Diwan Bahadur Lakshminarayanapuram Krishna Ananthakrishna Iyer (1861–1937) was an anthropologist of British India. He is known for his work among the hill tribes of the western part of Madras province.

Early life
Ananthakrishna Iyer was born to Vedic scholar L. N. Krishna Iyer, in the village of Lakshminarayanapuram near Palghat in the Madras Presidency which is in modern-day Kerala. He was the eldest of four sons and two daughters.

He matriculated from Palaghat high school in 1878 and passed BA from Madras Christian college in 1883.

Career
Ananthakrishna Iyer is best known for his books Castes and Tribes of Mysore, and Castes and Tribes of Cochin. Both are pioneering works on the tribes inhabiting India's west coast. He worked at the Revenue Department at Vayanad, then left to join Victoria College Palaghat.
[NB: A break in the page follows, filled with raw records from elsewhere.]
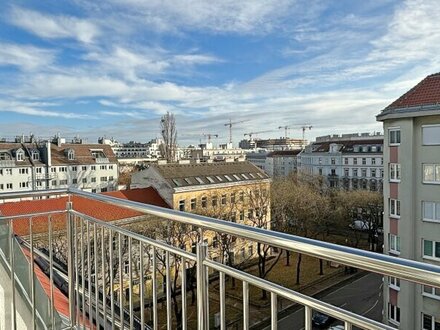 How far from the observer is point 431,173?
13.1 meters

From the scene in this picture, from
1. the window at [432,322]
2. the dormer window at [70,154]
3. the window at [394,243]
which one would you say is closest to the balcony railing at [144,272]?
the window at [432,322]

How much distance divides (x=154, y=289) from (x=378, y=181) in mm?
39851

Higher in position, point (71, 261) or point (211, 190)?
point (71, 261)

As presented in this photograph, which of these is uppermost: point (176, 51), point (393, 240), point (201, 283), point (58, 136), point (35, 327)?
point (176, 51)

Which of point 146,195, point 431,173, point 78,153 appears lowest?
point 146,195

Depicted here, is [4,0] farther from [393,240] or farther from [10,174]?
[10,174]

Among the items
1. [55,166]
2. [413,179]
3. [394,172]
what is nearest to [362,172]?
[394,172]

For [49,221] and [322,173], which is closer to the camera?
[49,221]

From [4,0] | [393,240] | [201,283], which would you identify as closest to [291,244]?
A: [201,283]

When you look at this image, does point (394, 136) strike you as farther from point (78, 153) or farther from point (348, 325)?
point (78, 153)

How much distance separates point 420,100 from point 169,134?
29.4 metres

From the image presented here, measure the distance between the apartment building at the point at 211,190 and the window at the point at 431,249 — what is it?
10134 mm

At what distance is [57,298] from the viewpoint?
3109 mm

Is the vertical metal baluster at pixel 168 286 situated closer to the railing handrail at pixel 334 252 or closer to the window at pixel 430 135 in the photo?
the railing handrail at pixel 334 252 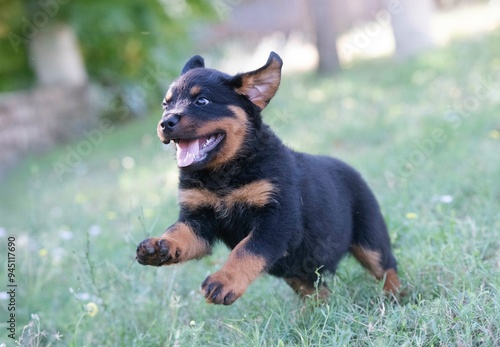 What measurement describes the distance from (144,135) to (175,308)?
30.0ft

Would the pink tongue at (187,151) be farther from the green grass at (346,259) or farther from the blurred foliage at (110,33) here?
the blurred foliage at (110,33)

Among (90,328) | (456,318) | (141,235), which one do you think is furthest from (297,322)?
→ (141,235)

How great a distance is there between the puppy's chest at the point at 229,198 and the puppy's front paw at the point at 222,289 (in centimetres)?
50

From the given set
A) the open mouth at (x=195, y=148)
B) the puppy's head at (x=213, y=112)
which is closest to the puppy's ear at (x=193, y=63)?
the puppy's head at (x=213, y=112)

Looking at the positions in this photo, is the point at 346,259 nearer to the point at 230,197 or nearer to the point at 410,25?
the point at 230,197

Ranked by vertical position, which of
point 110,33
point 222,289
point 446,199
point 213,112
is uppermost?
point 213,112

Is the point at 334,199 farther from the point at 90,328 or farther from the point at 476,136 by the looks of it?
the point at 476,136

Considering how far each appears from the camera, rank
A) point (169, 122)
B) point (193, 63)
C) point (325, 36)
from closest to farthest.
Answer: point (169, 122), point (193, 63), point (325, 36)

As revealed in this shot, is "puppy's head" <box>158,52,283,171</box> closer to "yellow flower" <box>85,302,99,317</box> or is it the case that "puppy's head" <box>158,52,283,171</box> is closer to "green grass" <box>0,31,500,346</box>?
"green grass" <box>0,31,500,346</box>

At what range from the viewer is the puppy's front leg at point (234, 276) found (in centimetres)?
310

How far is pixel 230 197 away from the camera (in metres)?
3.57

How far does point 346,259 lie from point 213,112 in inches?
74.5

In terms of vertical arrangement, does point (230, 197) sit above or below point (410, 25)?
above

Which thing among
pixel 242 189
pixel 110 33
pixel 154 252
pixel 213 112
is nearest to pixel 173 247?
pixel 154 252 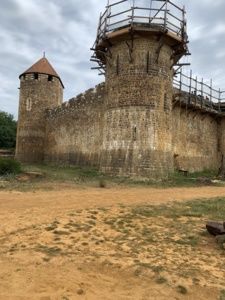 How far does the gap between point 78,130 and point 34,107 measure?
282 inches

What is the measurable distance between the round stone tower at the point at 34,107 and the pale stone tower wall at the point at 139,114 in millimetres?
11589

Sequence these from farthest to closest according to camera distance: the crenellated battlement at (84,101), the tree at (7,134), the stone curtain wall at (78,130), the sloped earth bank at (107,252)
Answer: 1. the tree at (7,134)
2. the stone curtain wall at (78,130)
3. the crenellated battlement at (84,101)
4. the sloped earth bank at (107,252)

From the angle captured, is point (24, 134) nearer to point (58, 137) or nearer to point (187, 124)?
point (58, 137)

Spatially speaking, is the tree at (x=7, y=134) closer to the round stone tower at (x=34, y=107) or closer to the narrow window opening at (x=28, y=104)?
the round stone tower at (x=34, y=107)

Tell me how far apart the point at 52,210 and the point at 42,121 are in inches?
826

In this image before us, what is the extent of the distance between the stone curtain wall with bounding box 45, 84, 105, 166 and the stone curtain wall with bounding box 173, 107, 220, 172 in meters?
4.70

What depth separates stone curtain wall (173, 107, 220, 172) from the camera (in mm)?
23653

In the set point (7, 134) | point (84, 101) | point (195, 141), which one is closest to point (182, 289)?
point (84, 101)

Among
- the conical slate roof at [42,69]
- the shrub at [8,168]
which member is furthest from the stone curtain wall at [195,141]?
the conical slate roof at [42,69]

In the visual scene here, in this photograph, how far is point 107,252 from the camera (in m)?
7.09

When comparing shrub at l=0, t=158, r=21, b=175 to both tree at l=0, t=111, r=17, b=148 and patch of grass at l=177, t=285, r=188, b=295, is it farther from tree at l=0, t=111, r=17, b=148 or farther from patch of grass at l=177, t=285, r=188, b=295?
tree at l=0, t=111, r=17, b=148

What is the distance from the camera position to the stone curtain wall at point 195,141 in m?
23.7

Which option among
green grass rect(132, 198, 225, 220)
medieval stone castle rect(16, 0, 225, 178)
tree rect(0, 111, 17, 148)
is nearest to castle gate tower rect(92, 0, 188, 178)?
medieval stone castle rect(16, 0, 225, 178)

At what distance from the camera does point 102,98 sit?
74.8ft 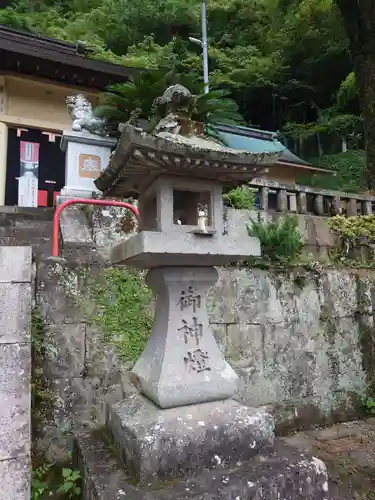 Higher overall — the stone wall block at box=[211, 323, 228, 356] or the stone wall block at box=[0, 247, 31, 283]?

In 1896, he became a headmaster in a Christian school. In 1897, he joined Maharajas College at Eranakulam as scientific assistant The log book kept at St Berchmans H S Changanacherry states, "He took charge of the school as Headmaster on 22 February 1897 ≥.He was there till May that year and left for Ernakulam by former Headmaster Thomas K J kallarakavumkal Mammood P O PIN 686536 Changanacherry Kerala".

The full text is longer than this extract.